Why Identity-First Systems Change Everything
Frictionless Movement Across Systems
When identity sits at the centre, the need for repeated transactions disappears.
A traveller can move between parking, toll roads, congestion zones, public transport, and other services without stopping to pay each time.
There is no separate interaction. The journey is continuous: movement is recorded, charges are applied, payment happens in the background.
That’s what frictionless travel actually looks like in practice.
Simplified Operations for Operators
For operators, the shift is just as significant.
Instead of managing individual transactions, the system manages journeys linked to an identity.
That reduces:
- transaction overhead
- failure handling
- fragmentation between systems
It also improves:
- visibility across journeys
- payment success rates
- consistency in how rules are applied
Identity becomes the thread that connects everything together.
The Role of Tokenisation
Why Tokenisation Matters
For identity-led systems to work, they need to be secure.
Tokenisation allows identity references to be used without exposing sensitive payment data. The system can recognise a user and apply charges without needing to process raw payment details each time.
That brings several advantages:
- stronger security
- reduced PCI scope
- easier interoperability between systems
- better control over how data is used
It creates a layer of separation between identity and payment.

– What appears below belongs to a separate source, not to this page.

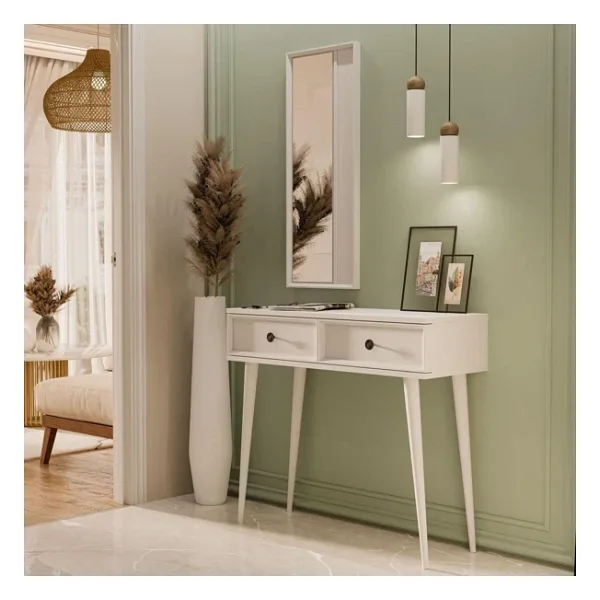 Mezza 6020 LUNA (AHŞAP AYAKLI) MDF PROFİL ÇERÇEVELİ 2 ÇEKMECELİ AYNALI DRESUAR BEYAZ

A Layer Between Identity and Payment
Tokenisation sits between three things:
- identity
- mobility events
- payment settlement
It allows each part to operate independently, while still being connected.
That flexibility is important. It means payment methods can change over time without breaking the underlying system.

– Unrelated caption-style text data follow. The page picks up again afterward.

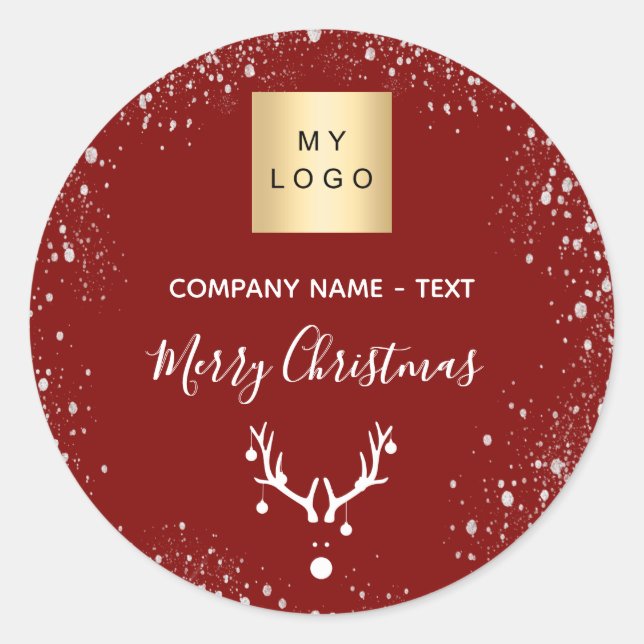 Christmas red white reindeer business logo  classic round sticker (Front)
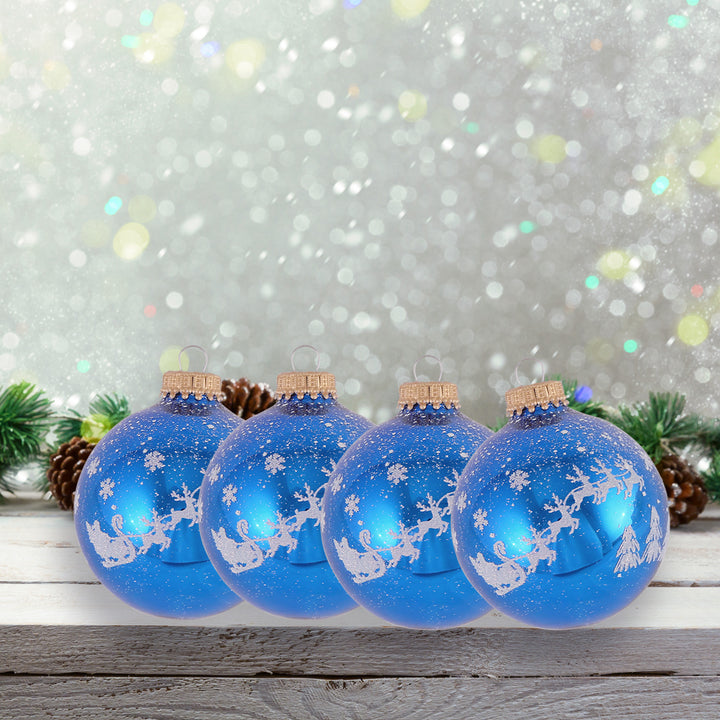2 5/8" (67mm) Ball Ornaments Classic Blue Shine / Velvet with White Christmas Eve, 4/Box, 12/Case, 48 Pieces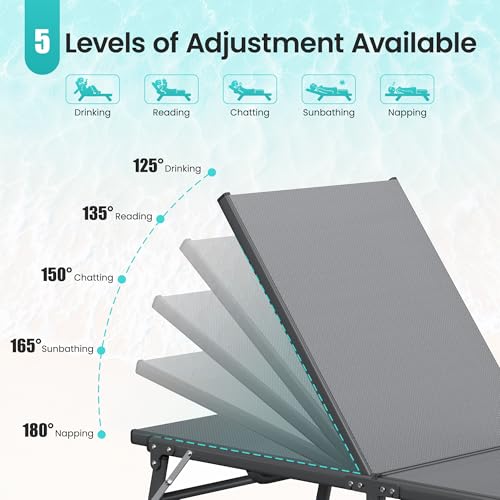 Image of Amopatio Outdoor Lounge Chairs Poolside Chaise Lounge for Patio | Foldable & Portable & Stackble Weather Resistant Frame Breathable Textilene 5-Position Adjustable Backrest 400 LBS Capacity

The identity remains consistent, even as everything behind it evolves.
The Implications for Mobility Platforms
Platforms Will Replace Payment Systems
As this model develops, the focus shifts from payment systems to mobility platforms.
Instead of managing transactions in isolation, platforms manage:
- identity
- journeys
- billing
- enforcement
- insight
Payment becomes one part of a wider system, not the centre of it.
A Unified Transport Account
Over time, this could lead to a simpler model for users.
One account. One identity. Multiple services connected behind it.
That account could link:
- tolling
- parking
- congestion charging
- public transport
- shared mobility
From the user’s perspective, there is no switching between systems. The journey simply happens.
Why the Industry Is Only Just Beginning
Legacy Infrastructure Still Dominates
Despite the direction of travel, most systems are not built this way yet.
Many still rely on:
- legacy hardware
- barrier-based access
- isolated payment platforms
These systems work, but they are not designed for identity-led operation.
Moving away from them requires structural change, not just incremental improvement.
Technology Is Now Catching Up
At the same time, the technology needed to support this shift is starting to mature.
Cloud platforms make it easier to manage large-scale systems. APIs allow different services to connect.
Tokenisation frameworks improve security. AI supports reconciliation and exception handling.
These pieces are beginning to align, and when they do, the model becomes viable at scale.
The Future of Mobility Payments
Contactless cards were a major step forward for mobility payments, but they may not be the final destination.
That’s not to say cards are going to disappear overnight. But over time, they are likely to become just one option behind a broader identity layer.
The real shift is happening beneath the surface, as systems move from payment-led architecture to identity-led mobility platforms.
As the interaction changes, users no longer think about how they pay. Movement is recorded, priced, and settled automatically - payment becomes part of the system, not the moment.
And all this raises a big question: if identity becomes the primary reference point in mobility, do payment cards become just another backend option?
If so, we must determine the future of mobility is identity-first, not card-first.